===== DATA FOR REVIEW =====
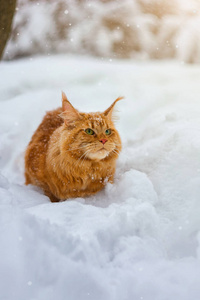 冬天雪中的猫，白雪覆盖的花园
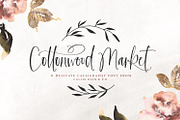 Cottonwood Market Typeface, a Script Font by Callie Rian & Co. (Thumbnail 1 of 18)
=====
===== DATA FOR REVIEW =====
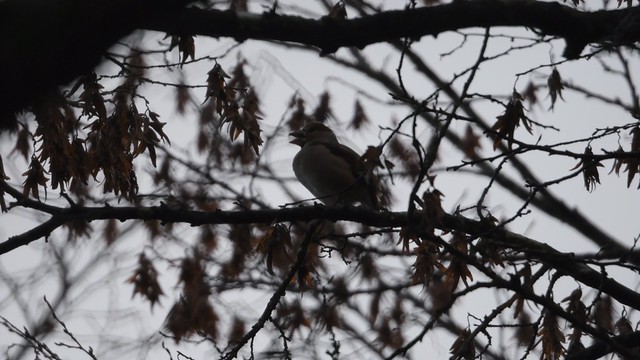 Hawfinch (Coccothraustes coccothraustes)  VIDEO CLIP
=====
WORK TO BE COMPLETED:
Please transcribe exactly the part of the records that opens with the line containing "冬天雪中的猫，白雪覆盖的花园" and closes with the line containing "Cottonwood Market Typeface, a", both ends included, and leave out the pictures.

ANSWER TO THIS TASK:
 冬天雪中的猫，白雪覆盖的花园
 Cottonwood Market Typeface, a Script Font by Callie Rian & Co. (Thumbnail 1 of 18)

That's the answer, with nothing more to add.